C'est la magnifique lecture de Julie Dratwiak qui m'a trouvée la première. Combien de fois ne l'ai-je écoutée suspendue à sa voix, portée avec Éloïse au bord du précipice où au firmament tutoyant ses étoiles les plus scintillantes. La poésie accompagnant même le cœur du drame.
Des laudes aux vigiles, des prémices aux brasiers de l'amour, du feu du ciel à la nuit noire de l'âme, tous les mots nous parlent des métamorphoses de l'amour.
Entre ombre et lumière, la puissance de l'authenticité d'un amour divin incarné.
"Une nuit où Fulbert s'était absenté, Abélard organisa mon évasion. Il me fit passer en Bretagne chez sa sœur afin d'échapper aux sévices de mon oncle et de pouvoir mettre notre enfant au monde en toute quiétude. Pour brouiller les pistes, je voyageai dans un habit de religieuse que nous nous étions procuré par la connivence d'un ami. Rien ne nous laissait soupçonner alors que cet habit revêtu par ruse allait être d'ici peu celui de tous les jours de ma vie.
J'entre, avec ce voyage, dans la zone d'ombre de mon existence.
Je le sens à la réticence soudaine de ma plume à former les mots. Désormais je flaire la proximité du drame à venir - oui, la vieille chienne que je suis flaire le passage du connu à l'inconnu, du familier au menaçant. Comme dehors dans la nature, notre vie a ses zones claires et ses zones incertaines où erre le maléfice. Longtemps j'ai interdit à ma mémoire l'accès de certains lieux - si bien qu'ils sont restés inhabités, livrés aux forces inconscientes. Il m'arrive maintenant d'en conquérir chèrement un espace, d'en exorciser une enclave. Un simple regard amène posé sur un épisode, un motif, une rencontre me paraît exercer le même effet bénéfique que l'édification d'un oratoire, d'une petite chapelle, d'une croix dans un endroit infesté de loups et de brigands - un signe d'espoir pour le voyageur égaré.

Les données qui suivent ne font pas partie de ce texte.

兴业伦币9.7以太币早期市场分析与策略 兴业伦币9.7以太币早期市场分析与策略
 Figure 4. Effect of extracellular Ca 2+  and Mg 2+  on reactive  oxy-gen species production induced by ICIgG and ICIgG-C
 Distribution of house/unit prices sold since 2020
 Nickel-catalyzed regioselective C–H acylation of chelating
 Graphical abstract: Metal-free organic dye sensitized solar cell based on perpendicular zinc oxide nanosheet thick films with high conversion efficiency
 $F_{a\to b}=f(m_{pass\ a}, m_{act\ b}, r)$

Ainsi, à l'instant le seuil de la maison du Pallet où Milli, ta sœur, m'attend. Je m'y attarde. Pluie, pluie. Tornade soudain chargée de grêlons qui tambourinent sur l'auvent de pierre grise. Les volets claquent, tentent de s'arracher aux gonds. Une ardoise tombe du toit avec fracas. La pluie torrentielle s'écoule à gros bouillons dans les ravines qu'elle creuse au sol. Dans l'entrée où je pénètre, les houppelandes poissées de pluie sont suspendues aux patères. L'eau s'en égoutte sur les dalles. Sous chacun de nous se forme un lac. J'entrevois par l'entrebâillement d'une porte la grande cheminée. Je me hâte d'entrer. Assise sur le petit banc, je laisse avec ravissement griller mon ventre et mes joues. Le bois pète et craque et crépite, la pluie grésille, l'eau et le feu se parlent, j'ai chaud, je ris du bonheur d'avoir chaud, je supplie Milli de me parler de votre enfance.
Et voilà que l'image clignote et s'éteint, comme sous un coup de vent la flamme d'une chandelle. Et de nouveau, ma plume devient rétive. Le terrible effort de dire les choses, d'oser les prendre en main !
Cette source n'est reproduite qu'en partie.